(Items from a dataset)
——————
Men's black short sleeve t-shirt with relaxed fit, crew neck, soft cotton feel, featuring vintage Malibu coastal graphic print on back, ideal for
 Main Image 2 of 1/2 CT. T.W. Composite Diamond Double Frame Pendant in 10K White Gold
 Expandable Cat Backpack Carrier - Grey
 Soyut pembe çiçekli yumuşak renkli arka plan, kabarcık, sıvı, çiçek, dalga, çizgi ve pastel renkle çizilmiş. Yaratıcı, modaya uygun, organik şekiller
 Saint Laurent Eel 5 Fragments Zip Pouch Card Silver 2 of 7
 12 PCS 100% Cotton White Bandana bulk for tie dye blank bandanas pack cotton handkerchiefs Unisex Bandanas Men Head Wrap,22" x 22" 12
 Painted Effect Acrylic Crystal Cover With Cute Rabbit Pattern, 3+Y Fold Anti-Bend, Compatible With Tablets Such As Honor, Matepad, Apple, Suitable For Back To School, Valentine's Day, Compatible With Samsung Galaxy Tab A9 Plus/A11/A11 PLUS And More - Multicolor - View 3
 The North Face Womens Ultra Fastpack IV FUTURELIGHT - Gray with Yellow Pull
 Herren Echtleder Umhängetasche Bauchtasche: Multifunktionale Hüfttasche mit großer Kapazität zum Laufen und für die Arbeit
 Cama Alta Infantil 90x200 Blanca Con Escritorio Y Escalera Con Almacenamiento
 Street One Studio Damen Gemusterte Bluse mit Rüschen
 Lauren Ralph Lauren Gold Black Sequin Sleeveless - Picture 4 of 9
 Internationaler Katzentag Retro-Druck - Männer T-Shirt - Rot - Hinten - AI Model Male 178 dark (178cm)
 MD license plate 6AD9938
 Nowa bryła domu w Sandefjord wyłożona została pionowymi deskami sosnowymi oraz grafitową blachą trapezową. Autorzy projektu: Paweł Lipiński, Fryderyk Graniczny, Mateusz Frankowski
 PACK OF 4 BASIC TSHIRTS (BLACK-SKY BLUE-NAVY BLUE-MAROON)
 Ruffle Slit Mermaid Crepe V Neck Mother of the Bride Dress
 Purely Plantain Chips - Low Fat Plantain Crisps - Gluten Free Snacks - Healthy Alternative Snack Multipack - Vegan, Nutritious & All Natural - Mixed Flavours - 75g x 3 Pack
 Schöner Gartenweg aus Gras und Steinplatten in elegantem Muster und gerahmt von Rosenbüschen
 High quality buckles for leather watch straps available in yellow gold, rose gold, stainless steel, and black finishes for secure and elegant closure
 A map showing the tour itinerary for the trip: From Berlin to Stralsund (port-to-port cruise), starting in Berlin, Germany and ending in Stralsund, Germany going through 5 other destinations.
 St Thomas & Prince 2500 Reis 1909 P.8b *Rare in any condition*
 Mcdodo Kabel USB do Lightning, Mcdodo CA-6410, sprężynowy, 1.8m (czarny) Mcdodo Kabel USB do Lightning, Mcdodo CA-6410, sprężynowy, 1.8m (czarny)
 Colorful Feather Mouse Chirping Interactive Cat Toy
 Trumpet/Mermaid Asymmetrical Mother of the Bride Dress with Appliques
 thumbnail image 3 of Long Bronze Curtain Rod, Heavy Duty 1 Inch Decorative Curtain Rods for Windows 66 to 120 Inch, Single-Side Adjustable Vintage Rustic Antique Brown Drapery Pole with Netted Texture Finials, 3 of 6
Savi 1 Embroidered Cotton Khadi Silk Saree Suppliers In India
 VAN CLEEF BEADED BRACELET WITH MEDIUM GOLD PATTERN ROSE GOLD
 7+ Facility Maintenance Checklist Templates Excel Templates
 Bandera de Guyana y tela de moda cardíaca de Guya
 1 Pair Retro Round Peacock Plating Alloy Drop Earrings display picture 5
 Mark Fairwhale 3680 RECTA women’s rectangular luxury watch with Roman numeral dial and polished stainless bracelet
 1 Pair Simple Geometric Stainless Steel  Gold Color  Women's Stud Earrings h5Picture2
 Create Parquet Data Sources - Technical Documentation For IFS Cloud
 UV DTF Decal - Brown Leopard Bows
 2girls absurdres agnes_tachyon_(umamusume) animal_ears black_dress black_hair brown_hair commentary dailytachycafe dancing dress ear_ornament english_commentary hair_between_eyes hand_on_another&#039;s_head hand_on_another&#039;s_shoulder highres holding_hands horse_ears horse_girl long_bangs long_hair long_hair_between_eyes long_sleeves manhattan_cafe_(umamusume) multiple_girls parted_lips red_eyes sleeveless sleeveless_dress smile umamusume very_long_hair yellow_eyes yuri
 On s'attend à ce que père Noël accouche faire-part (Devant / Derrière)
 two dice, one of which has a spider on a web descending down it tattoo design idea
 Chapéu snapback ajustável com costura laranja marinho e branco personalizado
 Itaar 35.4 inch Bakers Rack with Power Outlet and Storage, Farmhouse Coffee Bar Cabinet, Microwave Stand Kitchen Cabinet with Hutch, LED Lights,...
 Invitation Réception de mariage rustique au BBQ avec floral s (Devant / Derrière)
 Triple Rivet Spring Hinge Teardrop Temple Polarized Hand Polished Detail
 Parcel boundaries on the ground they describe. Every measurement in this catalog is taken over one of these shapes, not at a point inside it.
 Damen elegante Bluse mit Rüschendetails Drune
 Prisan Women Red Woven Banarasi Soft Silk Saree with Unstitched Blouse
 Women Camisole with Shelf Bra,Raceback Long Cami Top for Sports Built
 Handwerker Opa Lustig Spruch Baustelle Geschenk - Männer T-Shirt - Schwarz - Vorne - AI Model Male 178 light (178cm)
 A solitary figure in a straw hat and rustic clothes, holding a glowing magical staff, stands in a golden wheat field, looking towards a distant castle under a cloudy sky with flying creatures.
——————
▸ Task objective
Given the data above, transcribe exactly the lines from the one containing "1 Pair Simple" down to the one containing "Women Camisole with", and no others.

▸ Exercise answer
 1 Pair Simple Geometric Stainless Steel  Gold Color  Women's Stud Earrings h5Picture2
 Create Parquet Data Sources - Technical Documentation For IFS Cloud
 UV DTF Decal - Brown Leopard Bows
 2girls absurdres agnes_tachyon_(umamusume) animal_ears black_dress black_hair brown_hair commentary dailytachycafe dancing dress ear_ornament english_commentary hair_between_eyes hand_on_another&#039;s_head hand_on_another&#039;s_shoulder highres holding_hands horse_ears horse_girl long_bangs long_hair long_hair_between_eyes long_sleeves manhattan_cafe_(umamusume) multiple_girls parted_lips red_eyes sleeveless sleeveless_dress smile umamusume very_long_hair yellow_eyes yuri
 On s'attend à ce que père Noël accouche faire-part (Devant / Derrière)
 two dice, one of which has a spider on a web descending down it tattoo design idea
 Chapéu snapback ajustável com costura laranja marinho e branco personalizado
 Itaar 35.4 inch Bakers Rack with Power Outlet and Storage, Farmhouse Coffee Bar Cabinet, Microwave Stand Kitchen Cabinet with Hutch, LED Lights,...
 Invitation Réception de mariage rustique au BBQ avec floral s (Devant / Derrière)
 Triple Rivet Spring Hinge Teardrop Temple Polarized Hand Polished Detail
 Parcel boundaries on the ground they describe. Every measurement in this catalog is taken over one of these shapes, not at a point inside it.
 Damen elegante Bluse mit Rüschendetails Drune
 Prisan Women Red Woven Banarasi Soft Silk Saree with Unstitched Blouse
 Women Camisole with Shelf Bra,Raceback Long Cami Top for Sports Built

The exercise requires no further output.